# Looking to crew Chesapeake Bay Middle River or Baltimore Area



## Fish-the-5th (Jul 16, 2013)

I use to sail Catalina 22-27 boats in single class races and have owned several boats. I currently am boatless but would like to crew for those who need a hand. I also enjoy teaching boat handling and have much advice to share, if it is solicited. I last kept my boat at Maryland Marina on Frog Mortar Creek which is off of Middle River. If you want to go out, but need a friend to make it more enjoyable, give me a ring at 410-949-4774. 

Fair winds,
Alston Davis


----------



## T37Chef (Oct 9, 2006)

There is an great group sailing Wednesday night races on Rock Creek.

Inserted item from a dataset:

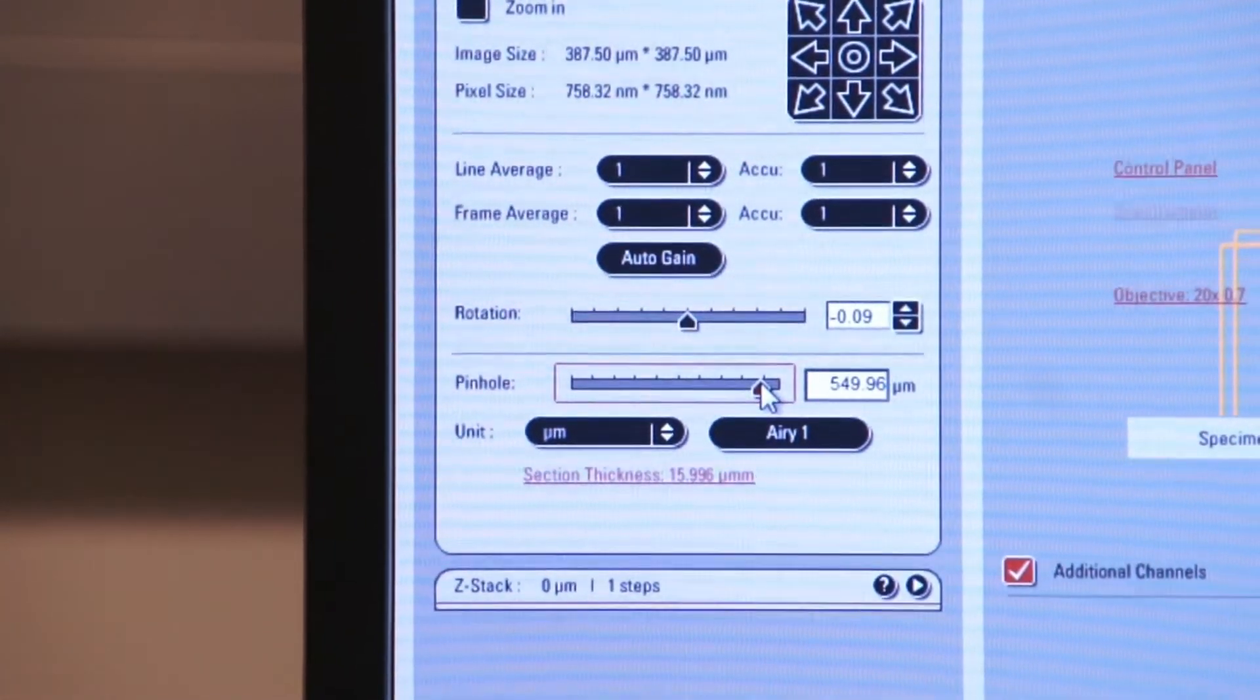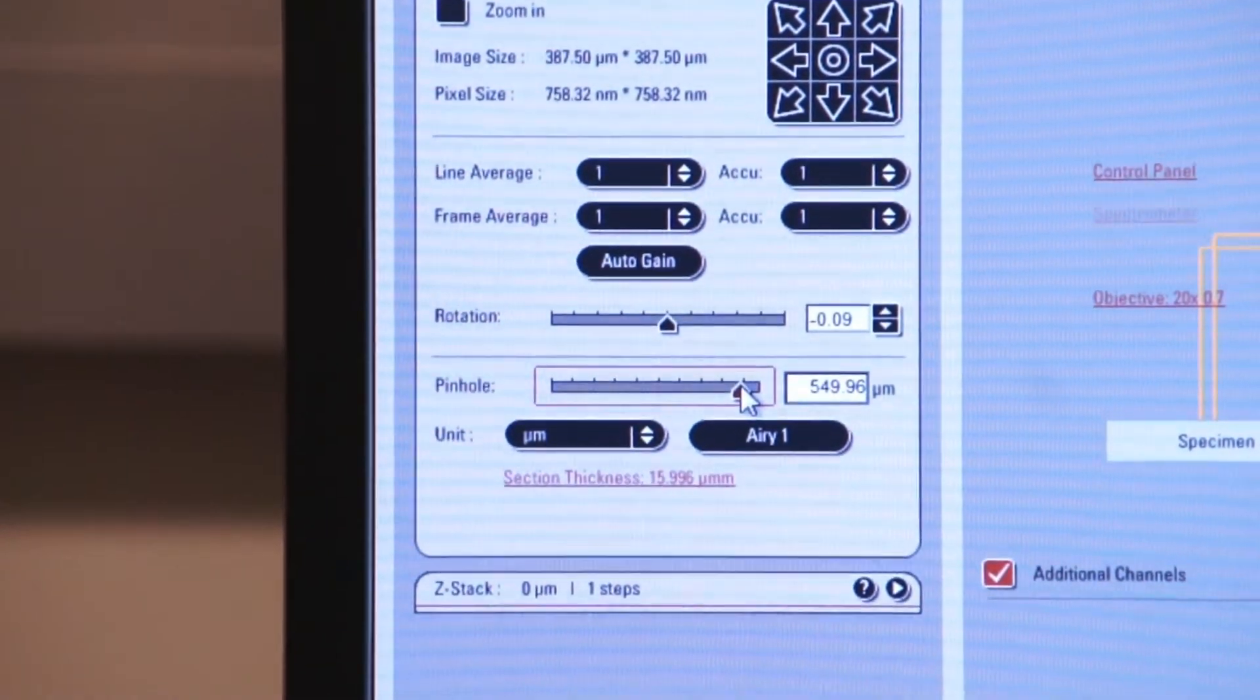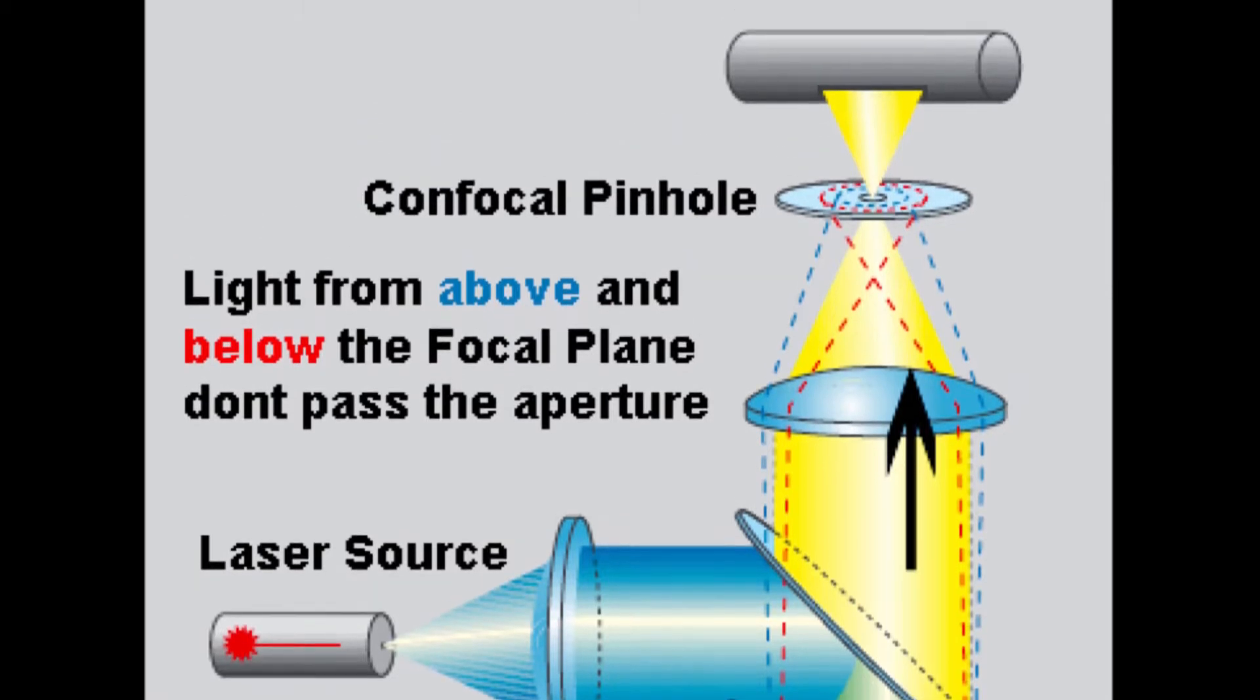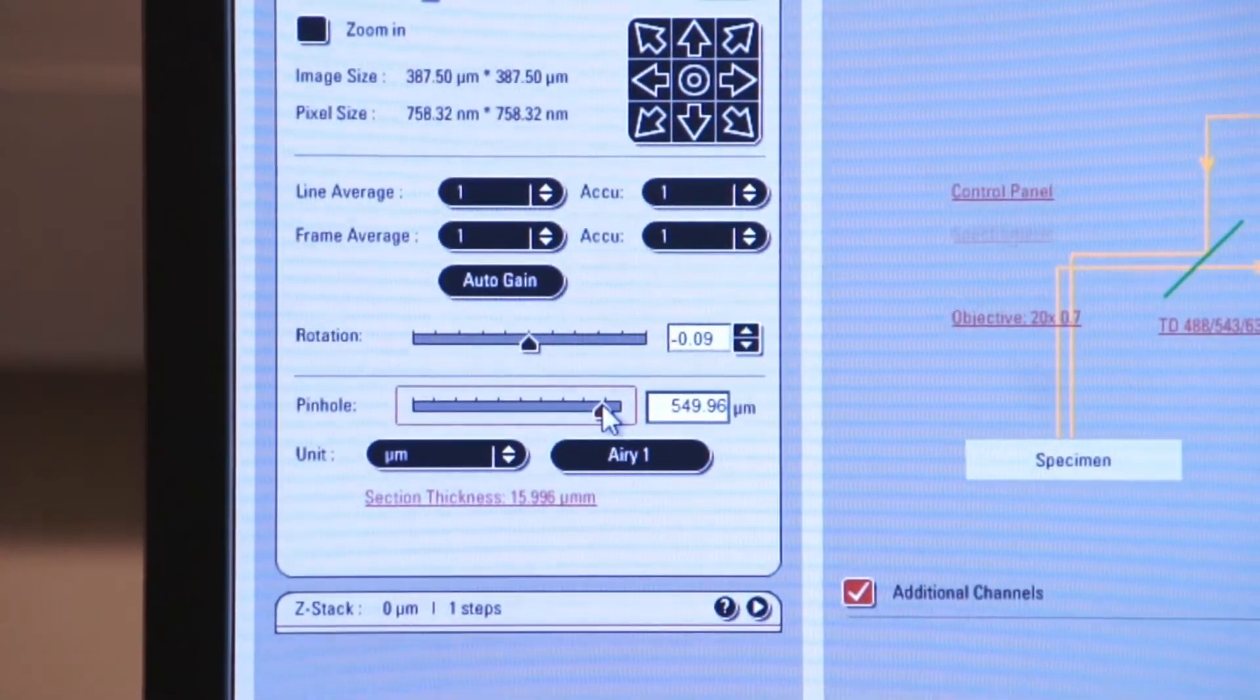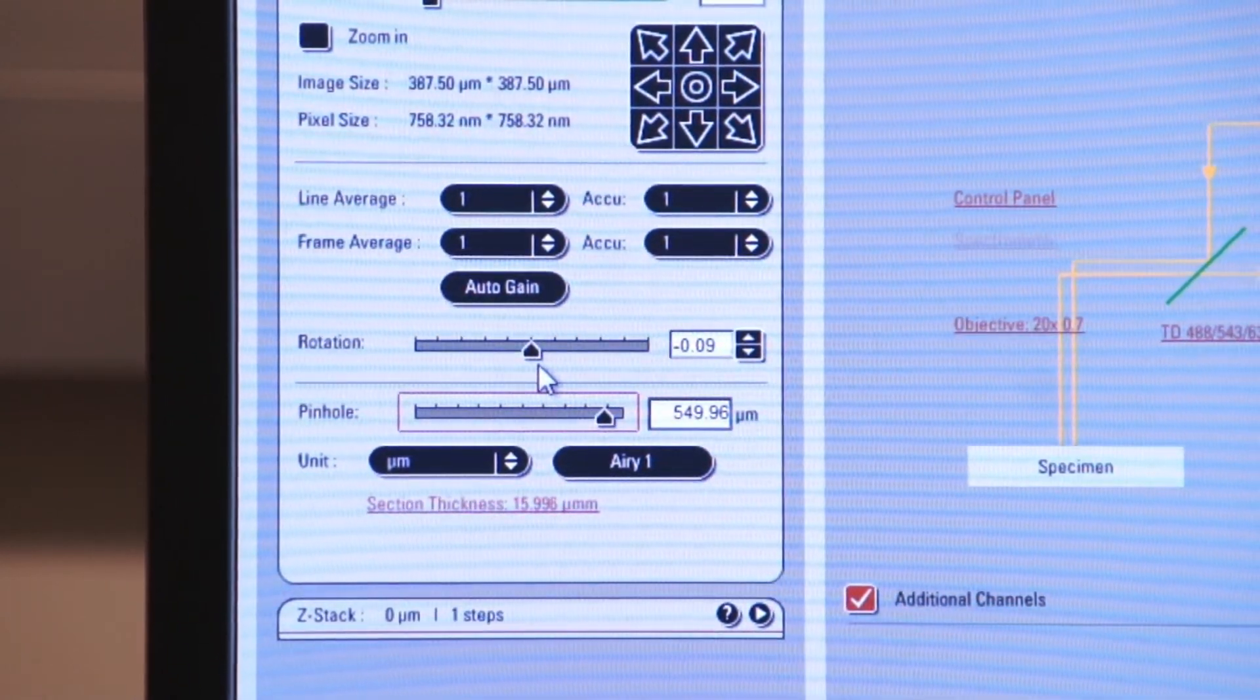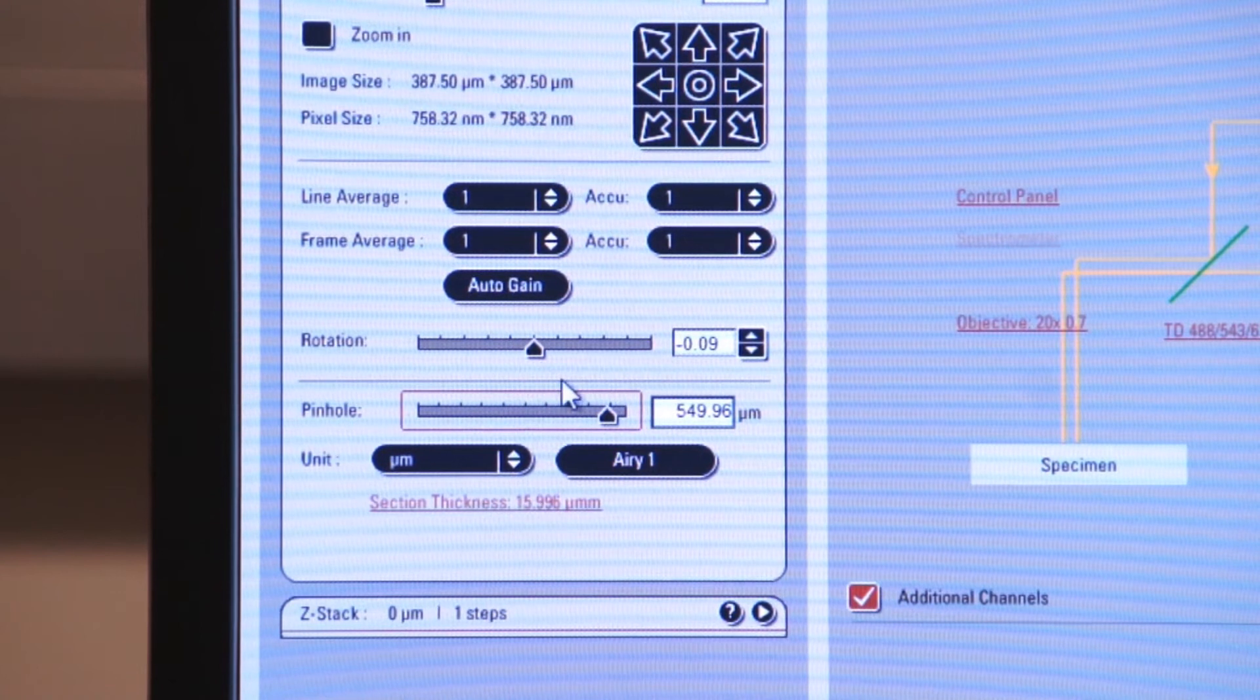The whole point of the pinhole, and there's actually two pinholes, one that you can manipulate right after the illuminator and another one that's inside the microscope which you cannot manipulate, is to give you the sharpest, high-resolution image as possible.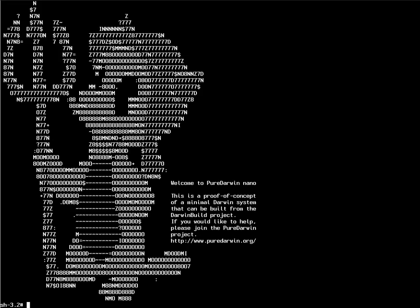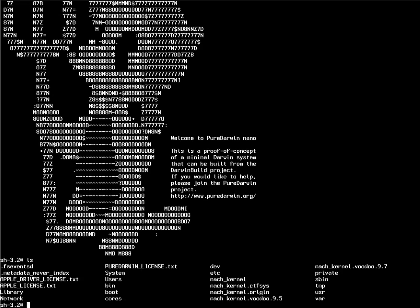As you can see here, I have booted into Pure Darwin Nano, and Bash is running, so I can do the usual Unix commands.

See here: Rock Creek Racing Association Many head out of Oak Harbor Marina (used to keep our boat there), you may find some needing crew next year, season is pretty much over for this year


----------



## Fish-the-5th (Jul 16, 2013)

Is Rock Creek near Rock Hall or is it on the western shore?

Alston


----------



## Donna_F (Nov 7, 2005)

Patapsco River.


----------



## Fish-the-5th (Jul 16, 2013)

Thanks, I sent them an E-Mail with my information. 

Cheers,
Alston


----------